Car en effet, un meurtre a été commis. Et il n'y a pas de meurtre sans coupable, et pas de coupable sans mobile. Lorsque l'on veut prouver l'innocence d'un homme, la moindre des choses est de suggérer le nom d'un autre coupable possible. Mais dans ce cas cela aurait été impossible, car cela aurait fait s'effondrer le message du film ! Le juré n°8 ne se contente donc pas de suggérer l'innocence possible de l'accusé, il essaye d'effacer le meurtre. Et entre de ce fait dans ce paradoxe : par compassion (légitime) envers l'accusé, il en oublie la compassion envers la victime.
Qui donc aurait pu commettre ce crime, si ce n'est l'accusé ? Une relation de l'homme assassiné, mais dans ce cas l'accusé, qui vivait avec lui, aurait dû en avoir connaissance. Ou cela aurait pu être un crime crapuleux, mais dans ce cas les traces de cette crapulerie auraient dû être visibles sur le lieu du crime.

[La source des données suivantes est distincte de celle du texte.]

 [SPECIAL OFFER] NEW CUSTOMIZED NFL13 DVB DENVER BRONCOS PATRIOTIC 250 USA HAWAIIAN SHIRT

Le juré n°8 (et donc, le réalisateur dont il est la voix) n'est pas honnête. Il fait ce que les scientifiques appellent du cherry picking, c'est-à-dire qu'il sélectionne les arguments qui l'arrangent et écarte sans les discuter ceux qui ne l'arrangent pas. En particulier, il appelle parfois à respecter la lettre de la loi (la présomption d'innocence, le principe du doute raisonnable), mais seulement car cela lui permet d'éviter d'appliquer une loi qu'il désapprouve : la peine de mort. On ne peut pas être légaliste à moitié. Un vrai légaliste qui serait moralement opposé à la peine de mort déciderait de l'appliquer tout de même, car elle est inscrite dans les règles communes de la société à laquelle il appartient.

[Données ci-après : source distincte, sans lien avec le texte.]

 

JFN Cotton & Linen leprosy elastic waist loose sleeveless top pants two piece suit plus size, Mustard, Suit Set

Le problème essentiel du raisonnement du juré n°8 est cependant qu'il introduit un déséquilibre dans les principes juridiques. Le principe du "doute raisonnable" est très important, mais celui de "l'intime conviction" l'est tout autant. Tout le discours du juré n°8, cependant, repose sur l'idée (non argumentée) qu'il y aurait une priorité du doute raisonnable sur l'intime conviction. Mais la justice ne peut pas fonctionner avec un tel déséquilibre : si on accorde une priorité au doute raisonnable, alors il faudra acquitter tous les accusés, sans exception, car on ne peut jamais être certain à 100 % de la culpabilité d'un homme. Il faudra fermer les prisons, les tribunaux, et les services de police. Or la répression du crime est indispensable à la paix civile et au bien-être des citoyens.
Ce qui nous amène au paradoxe ultime du film : celui de la confiance que l'on peut accorder à la justice. Tout système judiciaire républicain repose sur l'idée que le risque d'erreur judiciaire existe, mais qu'on ne peut faire l'économie de l'accepter, et qu'il faut en conséquence apporter des garanties aux personnes accusées (présomption d'innocence, droit à la défense, débats argumentés) qui permettent de réduire ce risque au minimum. Il est donc très étrange de défendre la présomption d'innocence tout en refusant d'accepter le risque d'erreurs judiciaires et en suggérant que la justice n'est pas digne de confiance. C'est précisément le respect des droits des accusés qui rend la justice digne de confiance et rend acceptable le risque d'erreurs judiciaires.